In closing statements, the two sides laid out contrasting versions of Augello's role in the tragedy.

Was Augello, also known as Miserable, a one-man crime wave and a past president of a Cape May County outlaw motorcycle gang, busy overseeing a lucrative OxyContin ring in concert with James Kauffman, acting as his fixer by shopping around the doctor's desire to have his wife killed?

Or was Augello simply a fringe player, "Freddy Guitars," a laid-back guy with a long ponytail, more interested in his sign and guitar business than in hardcore crime, a man who knew about the doctor's wishes — lots of Pagans seemed to know that Kauffman wanted his wife dead, according to trial testimony and recorded calls — but was just a "patsy," set up by his cohorts to take the blame?

"For years, the defendant has been moving people around him as pawns on the chessboard," prosecutor Seth Levy told the Atlantic County jury in closing arguments Tuesday morning.  The jury began deliberating Tuesday afternoon. "He thought he could hide from it, in the shadows.

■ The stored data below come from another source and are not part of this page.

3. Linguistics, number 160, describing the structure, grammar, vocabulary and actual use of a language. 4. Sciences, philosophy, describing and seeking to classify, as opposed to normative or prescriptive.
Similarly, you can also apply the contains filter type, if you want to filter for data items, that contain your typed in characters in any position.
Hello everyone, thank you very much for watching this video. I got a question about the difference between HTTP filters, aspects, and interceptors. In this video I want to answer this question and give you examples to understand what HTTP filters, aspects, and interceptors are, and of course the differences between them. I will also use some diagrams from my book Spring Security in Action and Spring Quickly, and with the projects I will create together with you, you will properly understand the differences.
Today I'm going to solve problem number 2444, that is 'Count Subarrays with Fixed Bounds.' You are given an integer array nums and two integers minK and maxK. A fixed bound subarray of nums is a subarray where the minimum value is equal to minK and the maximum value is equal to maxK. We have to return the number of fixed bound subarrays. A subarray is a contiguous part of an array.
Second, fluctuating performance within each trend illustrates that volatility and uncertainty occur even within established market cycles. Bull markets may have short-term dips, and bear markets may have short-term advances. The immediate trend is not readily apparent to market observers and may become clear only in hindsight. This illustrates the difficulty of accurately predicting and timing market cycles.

In this trial, the defendant's responsibility has caught up with him."

Levy contended that Augello was on the other end of 300 calls from a burner cell phone Kauffman used in the months leading up to the murder  — calls that abruptly stopped the day before April Kauffman was shot to death in her Linwood bedroom.  Augello's ex-wife, Beverly, testified that she picked up an envelope with "Fred" on it from Kauffman's office the day of the murder, allegedly containing his payment, Levy said.

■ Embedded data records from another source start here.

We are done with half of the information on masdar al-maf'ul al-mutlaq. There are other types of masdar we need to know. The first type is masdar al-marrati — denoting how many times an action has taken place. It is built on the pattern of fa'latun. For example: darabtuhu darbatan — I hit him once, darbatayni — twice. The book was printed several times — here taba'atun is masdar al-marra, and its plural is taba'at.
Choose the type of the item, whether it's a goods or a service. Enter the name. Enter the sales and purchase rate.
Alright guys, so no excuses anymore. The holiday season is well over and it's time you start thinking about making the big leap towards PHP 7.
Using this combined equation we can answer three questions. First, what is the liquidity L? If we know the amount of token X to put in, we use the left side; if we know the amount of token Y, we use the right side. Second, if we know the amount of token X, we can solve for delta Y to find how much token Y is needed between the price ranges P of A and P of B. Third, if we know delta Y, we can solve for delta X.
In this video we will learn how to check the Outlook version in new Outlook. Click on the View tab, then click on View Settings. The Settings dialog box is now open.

"April Kauffman, grandmother, friend, champion for veterans' rights, murdered in her bed," Levy said. "And yes, this defendant was absolutely responsible for that.

"When you move the pawns out of the way, all you have staring back at you is 'Freddy crime wave,' 'Miserable,' Ferdinand Augello," Levy said. "The leader of a racketeering organization, hands dripping red with the blood of April Kauffman."

But defense attorney Mary Linehan said the case was built on little but the unreliable testimony of witnesses who were trying to save themselves, including paid witness Andrew Glick and Joseph "Irish Joe" Mulholland, who has admitted driving the gunman, the late Francis Mulholland, to Linwood on the morning of the murder, where the door was left open and April Kauffman was asleep in her bedroom.

She called the state's case "prosecution by multiple choice," which she said was "not a becoming prospect."

"If the prosecutor is not firmly convinced of everything, how can you be?" Linehan said.

She decried the lack of evidence offered by the prosecution: no ballistics reports, no pharmacy records. She said Augello did not live in the area where the calls went to.

On the last day of the trial, Pack sat in the front row with several of her mother's friends who have been advocating for justice in the case since the murder that shocked the Linwood community and went unsolved for nearly six years. On the day of the murder, then-prosecutor Ted Housel said the community had nothing to fear from an unsolved killing a block from Mainland Regional High School. At trial, though, testimony showed that the gunman, an addict who died of an overdose a year later, walked out of the Kauffman house and headed down the Linwood bike path after the murder. The gun was never found.